Summer is quickly approaching, which means I’m stockpiling my campfire recipes for all the cooking over an open fire that I plan on doing in our new home!
The past few, and next several, weeks have been super hectic, but I managed to steal away for some little R&R back in my hometown. I took advantage of my parents fire pit and treated them to a backyard bonfire complete with a three course meal.
I loaded the bonfire with all sorts of goodies, including chicken and veggies, succotash, potatoes and even some desserts. For an appetizer, I wrapped up about a pound of shrimp in a foil packet and tossed in whole cloves of garlic, fresh squeezed lemon juice and butter, then baked it until the shrimp were a happy pink color.
The packet should be flat enough that the shrimp are almost in a single layer. Because the shrimp will cook quickly, it will need flipped only after about five or ten minutes, and will be ready about five minutes after that.
Garlic Butter Shrimp Packet | Campfire Cooking
- 16 oz raw shrimp peeled & tails removed
- 10 cloves garlic minced
- 1 lemon juiced
- 5 tablespoons salted butter
- ⅓ cup fresh parsley chopped
- salt & pepper to taste
- Preheat an open fire for about two hours to achieve hot coals (or preheat a grill to the highest temperature). Peel and devein the shrimp. Remove all tails. Create a square 10×10 sheet of foil.

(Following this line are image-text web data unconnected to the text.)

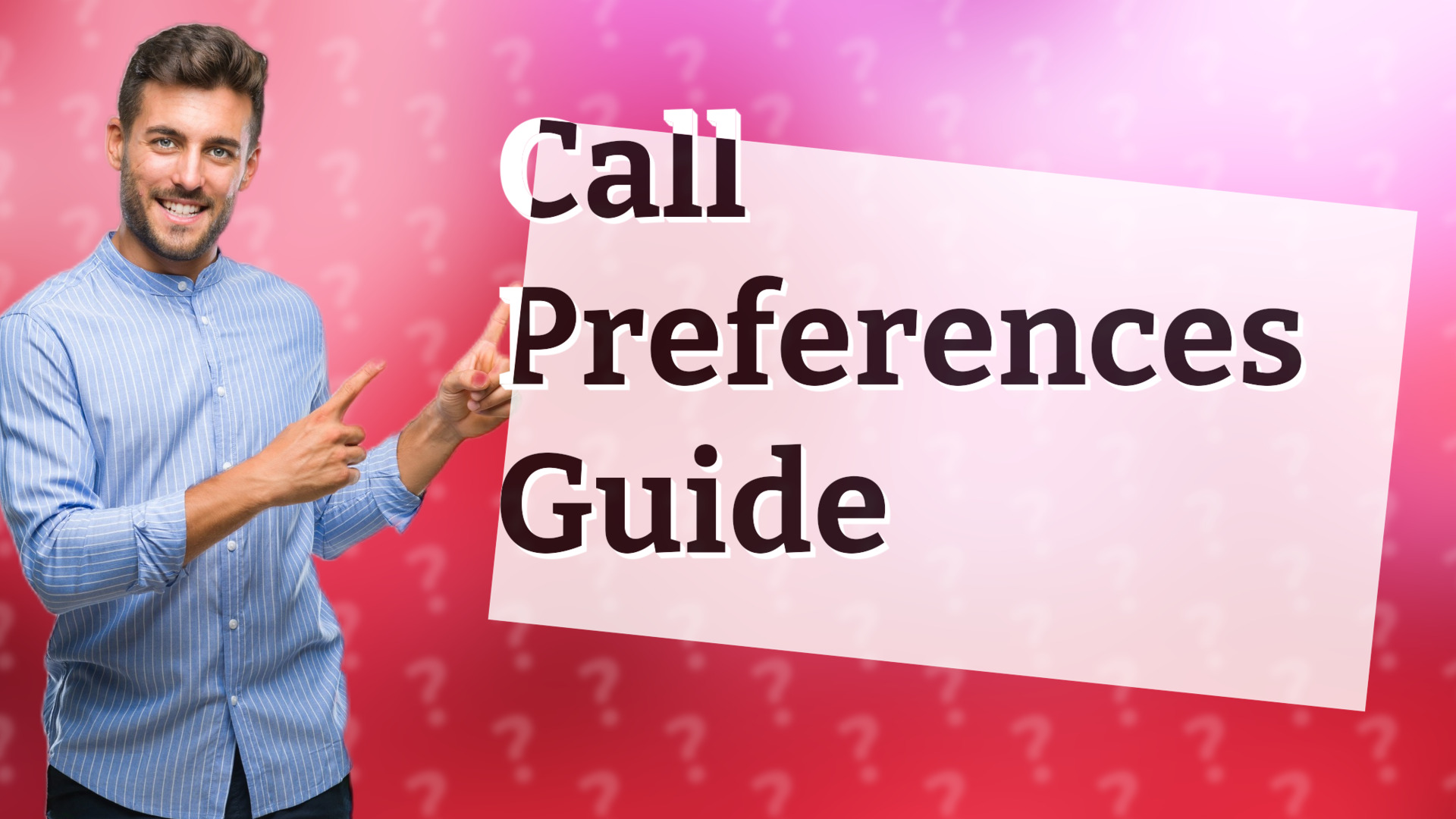Call Preferences Guide
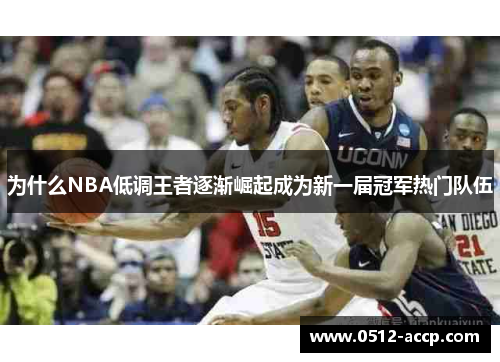 为什么NBA低调王者逐渐崛起成为新一届冠军热门队伍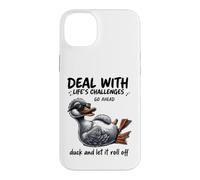 Custodia per iPhone 14 Plus Deal With Challenges Duck Roll Off Citazione divertente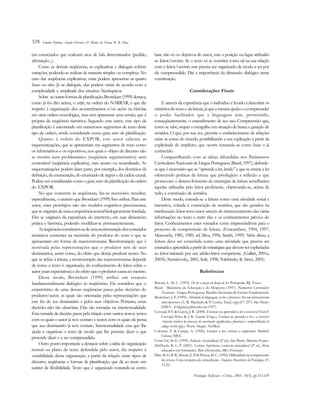 328   Sandra Patrícia Ataíde Ferreira & Maria da Graça B. B. Dias


em enunciados que realizam atos de fala determinados (pedido,            base não só os objetivos do autor, mas a posição ou lugar atribuído
afirmação...).                                                           ao leitor/ouvinte. Se o texto só se constitui como tal na sua relação
    Como as demais seqüências, as explicativas e dialogais sofrem        com o leitor/ouvinte este precisa ser organizado de modo a ser por
variações, podendo-se realizar de maneira simples ou complexa. No        ele compreendido. Daí a importância da dimensão dialógica nesta
caso das seqüências explicativas, estas podem apresentar as quatro       constituição.
fases ou não. Já as dialogais, elas podem variar de acordo com a
complexidade e amplitude dos encaixes hierárquicos.                                                  Considerações Finais
    Sobre as outras formas de planificação, Bronckart (1999) destaca,
como já foi dito acima, o script, na ordem do NARRAR, e que diz               É através da experiência que o indivíduo é levado a descobrir os
respeito à organização dos acontecimentos e/ou ações na história         mistérios do texto e da leitura, já que a mesma ajuda-o a compreender
em uma ordem cronológica, mas sem apresentar uma tensão, que é           o poder facilitador que a linguagem tem, permitindo,
própria da seqüência narrativa. Segundo este autor, este tipo de         conseqüentemente, o entendimento de seu uso. Compreensão que,
planificação é encontrado em numerosos segmentos de texto deste          como se sabe, requer o mergulho em situação de busca e geração de
tipo de ordem, sendo considerado como grau zero de planificação.         sentidos. O que, por sua vez, permite o estabelecimento de relações
    Quanto à ordem do EXPOR, este autor salienta as                      entre as coisas do mundo, possibilitando a sua explicação a partir da
esquematizações, que se apresentam em segmentos de texto como            explicitude do implícito, que ocorre tomando-se como base o já
os informativos e os expositivos, nos quais o objeto de discurso não     conhecido.
se mostra nem problemático (seqüência argumentativa) nem                      Compartilhando com as idéias difundidas nos Parâmetros
contestável (seqüência explicativa), mas neutro ou neutralizado. As      Curriculares Nacionais de Língua Portuguesa (Brasil, 1997), defende-
esquematizações podem fazer parte, por exemplo, dos domínios da          se que é necessário que se “aprenda a ler, lendo” e que se ensine a ler
definição, da enumeração, do enunciado de regras e da cadeia causal.     oferecendo práticas de leitura que privilegiem a reflexão e que
Podem ser consideradas como o grau zero da planificação da ordem         promovam o desenvolvimento de estratégias de leitura semelhantes
do EXPOR.                                                                àquelas utilizadas pelo leitor proficiente, objetivando-se, acima de
    No que concerne às seqüências, faz-se necessário ressaltar,          tudo, a construção de sentidos.
especialmente, o estatuto que Bronckart (1999) lhes atribui. Para este        Deste modo, entende-se a leitura como uma atividade social e
autor, estes protótipos não são modelos cognitivos preexistentes,        interativa, voltada à construção de sentidos, que são gerados na
que se originam de uma competência textual biologicamente fundada.       interlocução leitor-texto-autor através do intercruzamento das várias
Eles se originam da experiência do intertexto, em suas dimensões         informações no texto e entre elas e os conhecimentos prévios do
prática e histórica, podendo modificar-se permanentemente.               leitor. Conhecimentos estes tomados como imprescindíveis para o
    As seqüências constituem-se de uma reestruturação dos conteúdos      processo de compreensão de leitura. (Foucambert, 1994, 1997;
temáticos existentes na memória do produtor do texto e que se            Marcuschi, 1985, 1989, sd; Silva, 1996; Smith, 1999) Além disso, a
apresentam em forma de macroestruturas. Reestruturação que é             leitura deve ser concebida como uma atividade que precisa ser
motivada pelas representações que o produtor tem de seus                 ensinada e aprendida a partir de estratégias que devem ser explicitadas
destinatários, assim como, do efeito que deseja produzir nestes. No      ao leitor-iniciante por um adulto-leitor competente. (Gallart, 2001a,
que se refere à leitura, a reestruturação das macroestruturas depende    2001b; Nemirovsky, 2001; Solé, 1998; Tolchinsky & Simó, 2001)
de como o texto é organizado, do conhecimento do leitor sobre o
autor (suas expectativas) e do efeito que o produtor causa no mesmo.                                         Referências
    Deste modo, Bronckart (1999) atribui um estatuto
fundamentalmente dialógico às seqüências. Ele considera que o            Barone, L. M. C. (1993). De ler o desejo ao desejo de ler. Petrópolis, RJ: Vozes.
                                                                         Brasil - Ministério da Educação e do Desporto (1997). Parâmetros Curriculares
empréstimo de uma dessas seqüências passa pelas decisões do
                                                                              Nacionais - Língua Portuguesa. Brasília: Secretaria de Ensino Fundamental.
produtor/autor, as quais são orientadas pelas representações que         Bronckart, J. P. (1999). Atividade de linguagem, textos e discursos: Por um interacionismo
este faz do seu destinatário e pelos seus objetivos. Portanto, essas          sócio-discursivo (A. R. Machado & P. Cunha, Trad.) (pp.217-257). São Paulo:
decisões não são aleatórias. Elas são tomadas na intertextualidade.           EDUC. (Original publicado em 1997)
                                                                         Carvajal, P. F. & García, J. R. (2000). Ensinar ou aprender a ler e escrever? Em F.
Esta tomada de decisão passa pela relação com outros textos: textos
                                                                              Carvajal Pérez & J. R. García (Orgs.), Ensinar ou aprender a ler e a escrever?
com os quais o autor já teve contato e textos com os quais ele pensa          Aspectos teóricos do processo de construção significativa, funcional e compartilhada do
que seu destinatário já teve contato. Intertextualidade esta que lhe          código escrito (pp.). Porto Alegre: ArtMed.
ajuda a organizar o texto de modo que lhe permite dizer o que            Colomer, T. & Camps, A. (1996). Enseñar a leer, enseñar a comprender. Madrid:
                                                                              Celeste/MEC.
pretende dizer e a ser compreendido.
                                                                         Costa Val, M. G. (1999). Redação e textualidade (2ª ed.). São Paulo: Martins Fontes.
    Outro ponto importante a destacar sobre a idéia de organização       Dell’Isola, R. L. P. (2001). Leitura: Inferências e contexto sociocultural (2ª ed.; Série
textual ou plano de texto defendida pelo autor, diz respeito à                educador em formação). Belo Horizonte, MG: Formato.
variabilidade desta organização a partir da relação entre tipos de       Dias, M. G. B. B., Morais, E. P. & Pessoa, M. C. (1995). Dificuldade na compreensão
                                                                              de textos: Uma tentativa de remediação. Arquivos Brasileiros de Psicologia, 47,
discurso, seqüências e formas de planificação, que dá ao texto um
                                                                              13-22.
caráter de flexibilidade. Texto que é organizado tomando-se como
                                                                                                        Psicologia: Reflexão e Crítica, 2005, 18(3), pp.323-329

- Arrange the shrimp on the foil in the center, spreading to an equal layer. Toss in the cloves of garlic, parsley, butter and salt and pepper. Then wrap the shrimp tightly in foil.
- Place the foil packet directly in the coals or onto a preheated grill. Flip after about five to ten minutes. Cook for another five minutes, or until the shrimp have all turned pink and have cooked through.
- Serve alongside chicken packets and sm'nanas. Enjoy!